The power egg indeed enables the designer to have easy job to install the radial engine. The Soviets have had no problems to come out with La-5, nor the Japanese with Ki-100. Since I will not put any armament in fuselage, the task is even easier.
The roll rate maybe did not was a strong point for the D-9 as it was for Antons, but few if any complaint can be heard about that. The Antons were good rollers, but were not miracles of maneuvering.




> Sure, but there was never any single engine powerful enough to make this work. Post-war it would be fine, but given the technical constraints up to 1945-46 its just not viable; have it be backburner research for 1946.



Several things can help. 1st start the design job on jets earlier. 2nd, start 1st with centrifugal compressors, put axial compressors on a backburner. 3rd, start developing the air cooled turbine blades.



> Push pull had too long of a lead time to be ready by 1944; it would have to start development in the mid-1930s. If there was enough foresight, having jumo of db powered push-pull fighters would have been indeed awesome by 1942-43. The problem is starting the research early enough. A smaller Do-335 in 1942-43 would have been ideal IMHO.
> https://en.wikipedia.org/wiki/Dornier_Do_335
> The project didn't really start until 1939 and it took serious development before the Do-335 could even be contemplated in 1942 when the design started. I looked into the pre-official project and it wasn't able to be moved up without starting push-pull fighter research in 1935/36.
> 
> ...



You do have the Do-18 flying in 1935. Actually, the Do-16 uses the push pull concept in 1922. SOme aircrfat were using the concept in ww1 IIRC. The idea is there, better get to the job to produce the push pull aircraft ASAP.


----------



## Shortround6 (Mar 7, 2014)

Handley Page V 1500 in 1918. 

can we _please_ stop the idea that "push pull" was new or innovative or even German in the 1930s. 
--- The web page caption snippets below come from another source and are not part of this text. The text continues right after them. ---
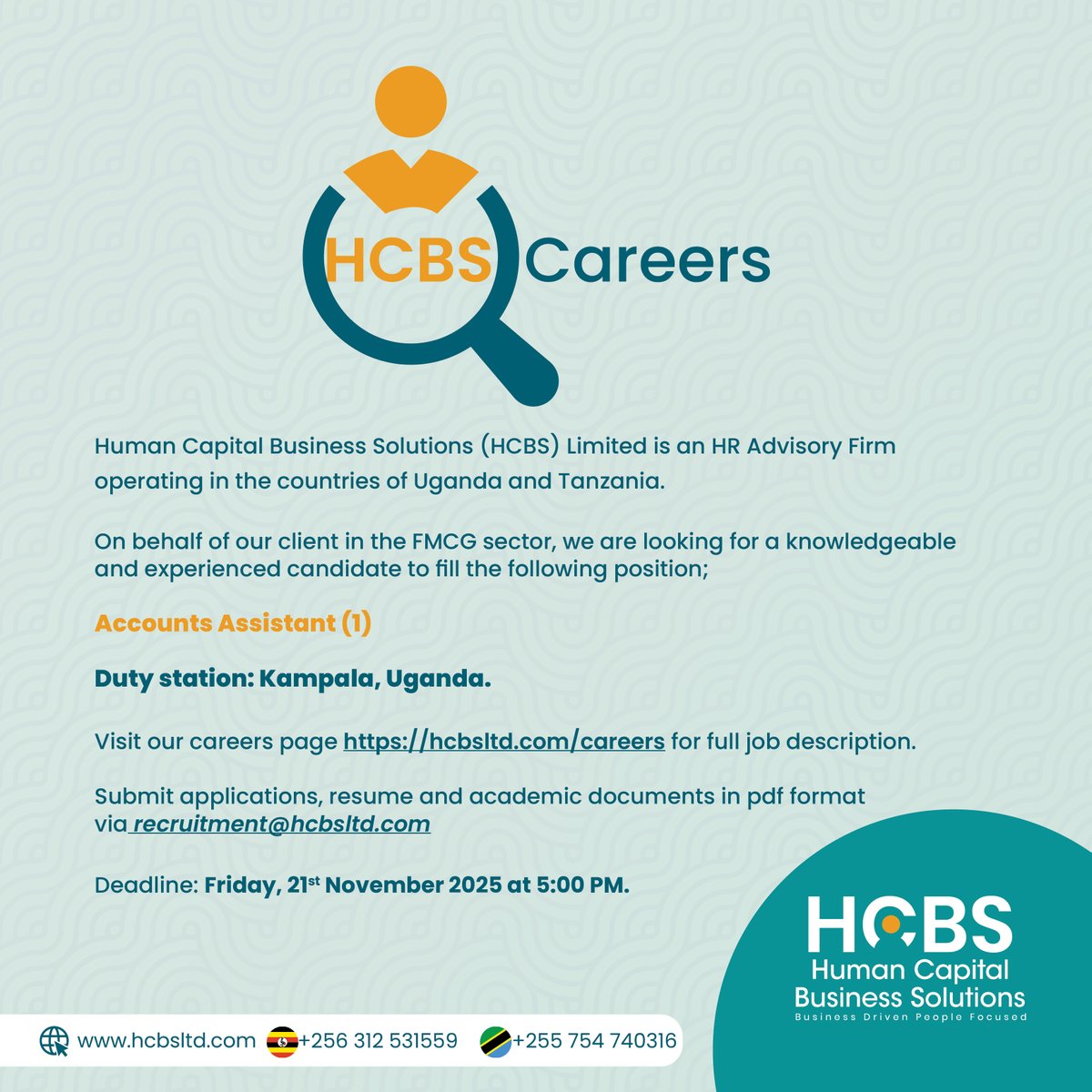 hcbsltd's tweet image. #HCBSCareers: Are you detail-oriented and passionate about numbers? Join our client as an Accounts Assistant and help keep the finances in perfect balance!

Apply here ⇢
hcbsltd.com/careers/jobs/a…

Deadline: Friday 21st November, 2025 at 5:00PM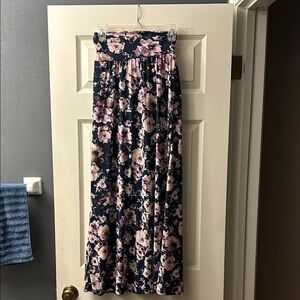 Joe B Floral Maxi Skirt - Pink and Black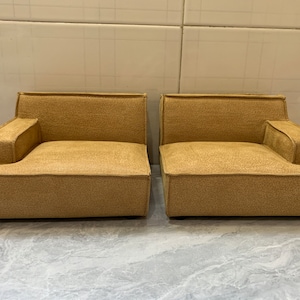Dollhouse 1:6 scale free combination leather sofa, Doll Furniture, Handmade Camel brushed leather sectional couch, Gift for her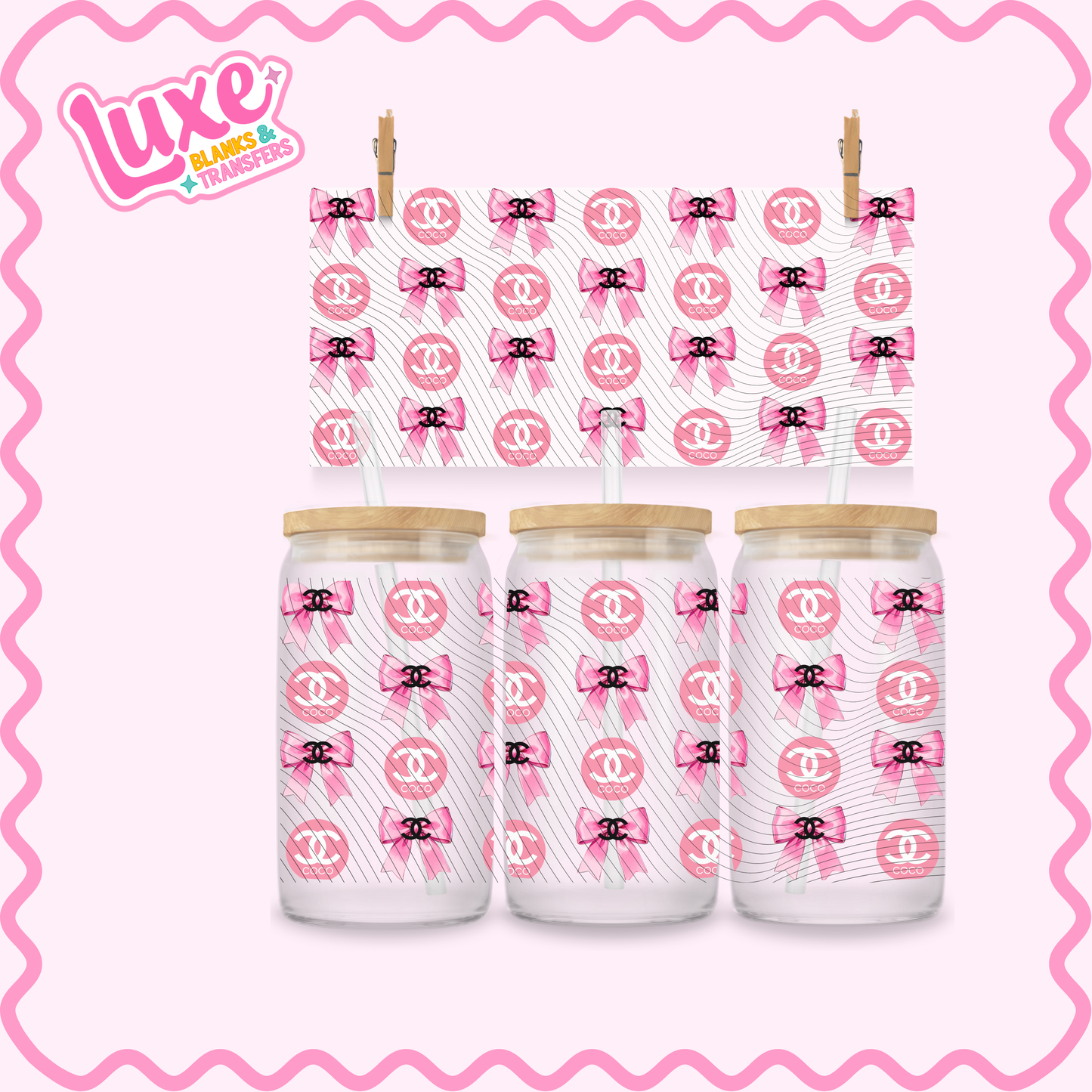 16oz UV DTF Wrap | Pink CC Pattern Bows | #2739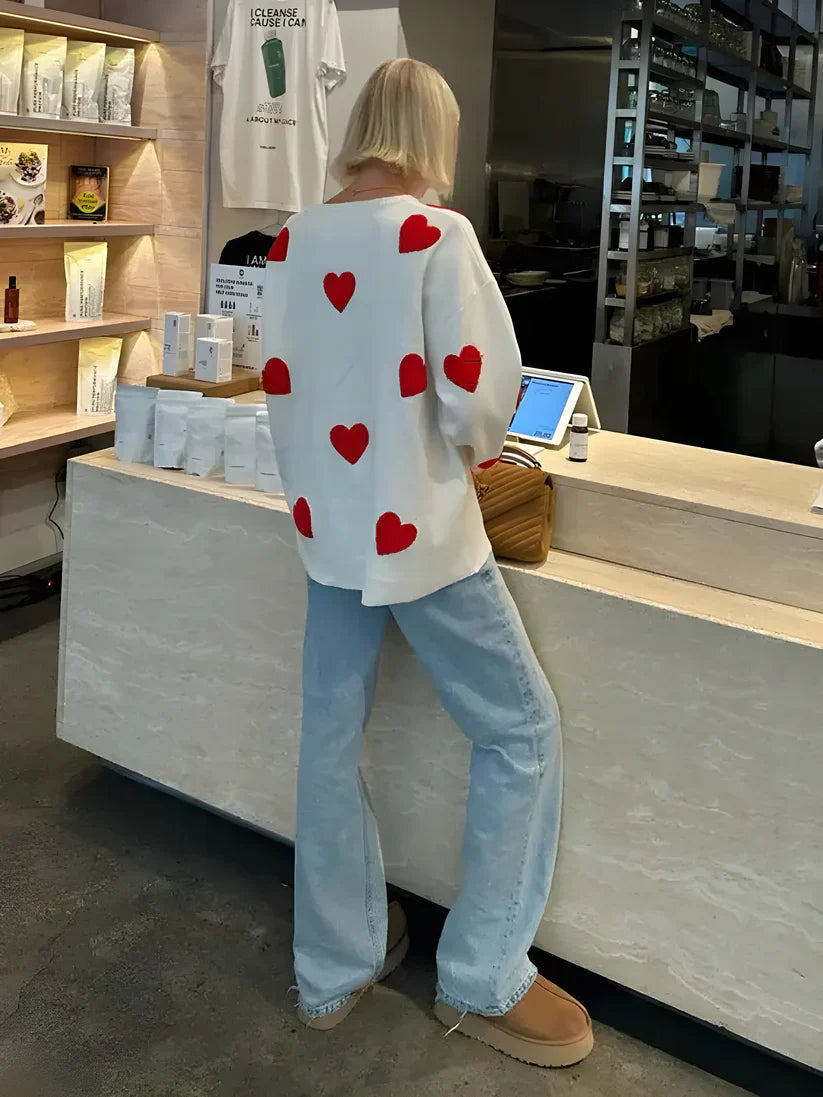 Celine - Oversized Dames trui met hartjes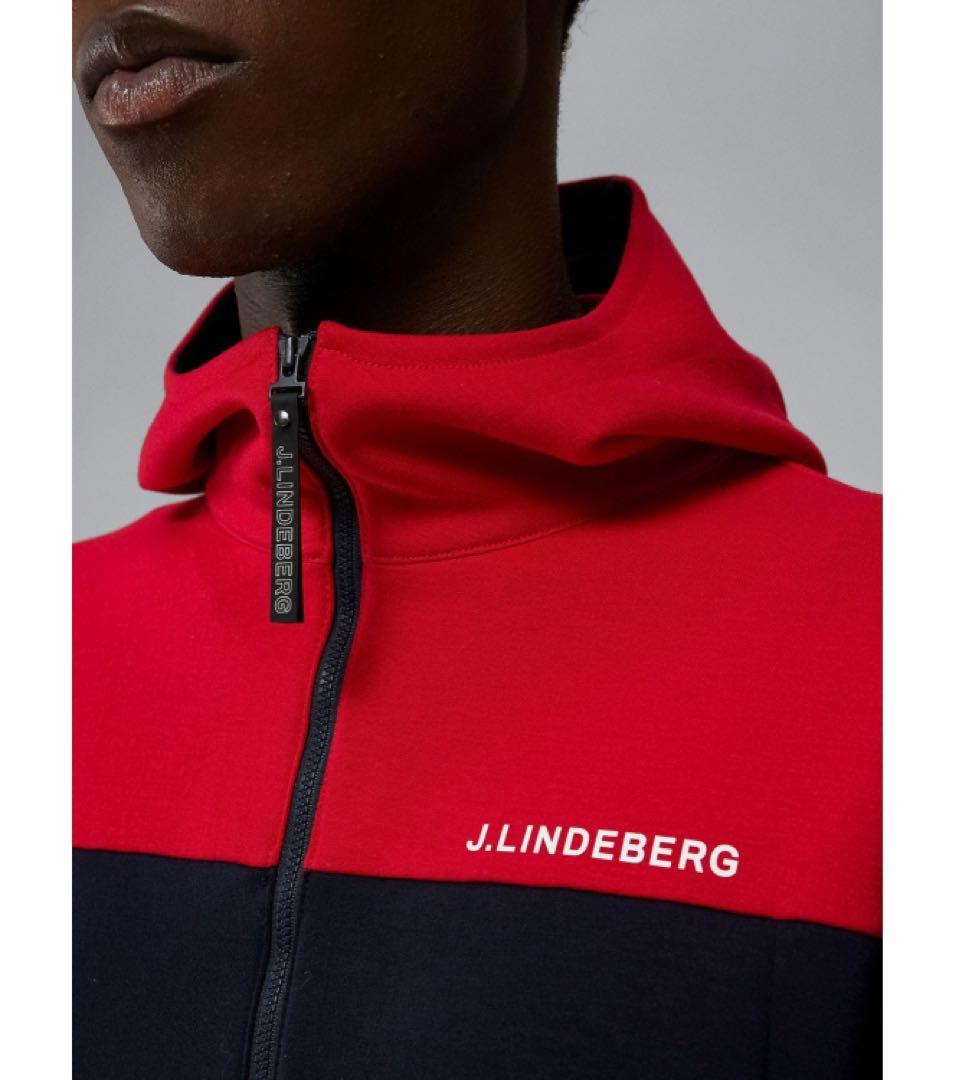 J.LINDEBERG MENS Jeff Hood 長袖　パーカー　レッド系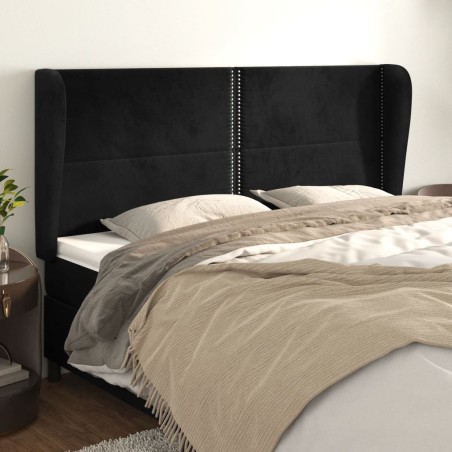 vidaXL Cabecero con orejas de terciopelo gris claro 163x23x118/128 cm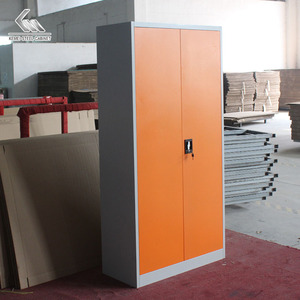 Mueble de Oficina Moderno de Fábrica, Armario Metálico Naranja de Doble Puerta con Estantes Ajustables y Cerradura, para Exteriores - Product Image 2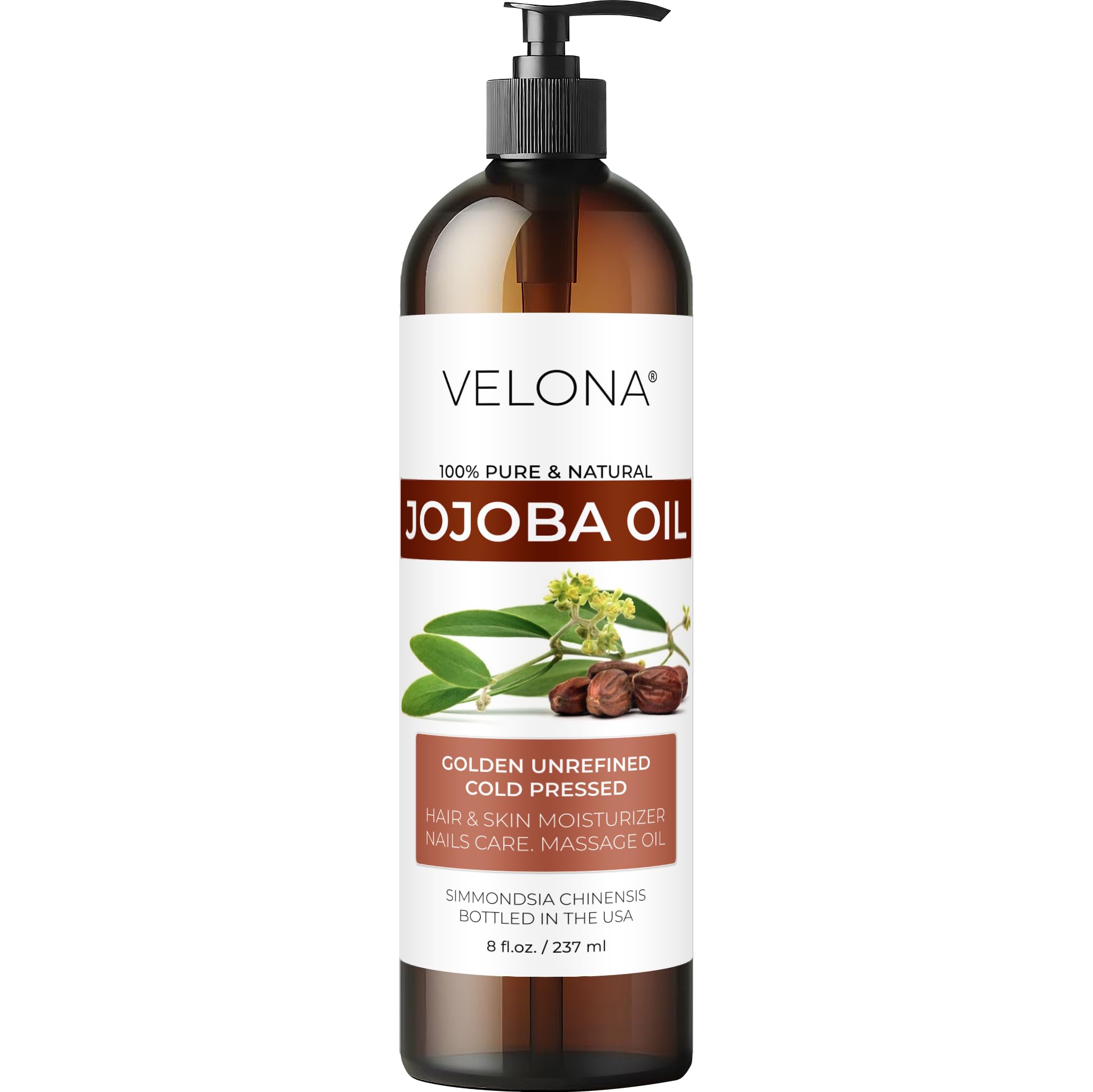 Velona Jojoba Oil 8oz bottle with pump for easy daily hydration.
Please note the use of 2 bladed propellers on the tractor engines and 4 bladed props on the "pushers". 
Close coupled "push-pulls" had problems with disturbed airflows on the Pusher props. Dornier may have had patents on extension shafts or thrust bearings transferring the "thrust" to the air-frame without going through the engine but the idea was not new and with out a fair distance between the props was _less efficient_ than 4 tractor propellers. So for a 4 engine plane you had to trade reduced frontal area/drag for lower efficiency of the rear propeller. 

The idea was there but please point out the number of aircraft that have used the idea since the end of WW II in any numbers? 

The Cessna 337






was probably the biggest user by far and the air flow of both the forward and rear props is not the best due to the large fuselage. This plane also points out another fact. You don't get two engines into the frontal area of one as you still need scopes/bumps/bulges for the cooling of the 2nd engine. It is less than using 2 engine nacelles.


----------



## wiking85 (Mar 7, 2014)

No one was claiming it was a German invention or unique to the 1930s. The problem was creating a high performance push-pull fighter/fast bomber/night fighter with high output engines before late 1944. It was a hard development that took time.


----------



## Shortround6 (Mar 7, 2014)

Just trying to head off another contributor. 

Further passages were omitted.